I think we need to change our perspective somewhat because we need TLS and
Data at rest security (DARS) and we do need certain types of metering. But
in the network, not in the inter-network.

Alice uploads content to Carol's Cloud, Bob reads it with his browser.
There are three (potentially) separate networks here.

Alice's local network
Bob's local network
Carol's local network

Alice, Bob and Carol might all see the need to do certain types of
monitoring. But the principle of least privilege should apply in each case.
Carol's need to monitor her network is strictly limited to Carol's needs.

In addition, we have the inter-network which as Einer Stefferud used to
remind us, isn't a network, it is a network of networks. And so the
communication graph is:

Alice <-> Internet <-> Carol <-> Internet <-> Bob

And that matters, because the primary concerns we are addressing in TLS are
the ones raised by that 'Internet' hop. The advantage of IPSEC over TLS is
that it allows us a much more closely targeted solution that locks down the
Internet hop without affecting anything else. The disadvantages of IPSEC...

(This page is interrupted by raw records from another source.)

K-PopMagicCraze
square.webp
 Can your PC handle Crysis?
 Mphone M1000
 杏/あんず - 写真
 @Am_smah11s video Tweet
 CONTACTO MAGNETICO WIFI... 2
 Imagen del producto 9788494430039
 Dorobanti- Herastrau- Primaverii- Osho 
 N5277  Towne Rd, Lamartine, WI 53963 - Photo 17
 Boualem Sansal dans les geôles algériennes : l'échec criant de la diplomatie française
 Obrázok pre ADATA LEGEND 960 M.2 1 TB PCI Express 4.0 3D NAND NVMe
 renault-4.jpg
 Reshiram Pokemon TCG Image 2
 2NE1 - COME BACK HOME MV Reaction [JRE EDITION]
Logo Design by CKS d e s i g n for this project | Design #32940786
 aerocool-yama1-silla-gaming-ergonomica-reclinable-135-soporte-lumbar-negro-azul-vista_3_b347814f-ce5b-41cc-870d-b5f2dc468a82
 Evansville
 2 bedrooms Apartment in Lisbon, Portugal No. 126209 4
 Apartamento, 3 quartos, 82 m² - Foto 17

So what I see happening at the moment is QUIC/TLS morphing into what IPSEC
was originally trying to do. Which is fine except that as EKR is point out,
this is compromising us at the upper layers. Which is where Shen and SHTTP
were originally intended to work.

I am actually planning to use three layers of encryption for Mesh services

Transport - (TLS) to provide traffic analysis resistance.
Presentation - (DARE) to authenticate client/server interactions
Data - To protect data at rest

The concern that Transport Layer Security inevitably creates is that any
scheme which provides any traction against traffic analysis is going to
make monitoring difficult because it is traffic analysis.

In summary, there is no way to square this circle because what
distinguishes traffic analysis attack from monitoring is intent and
machines can't tell the intent. And so if people want to expose information
at the lower layers, they are going to need to think about additional
layers of crypto being added at the top.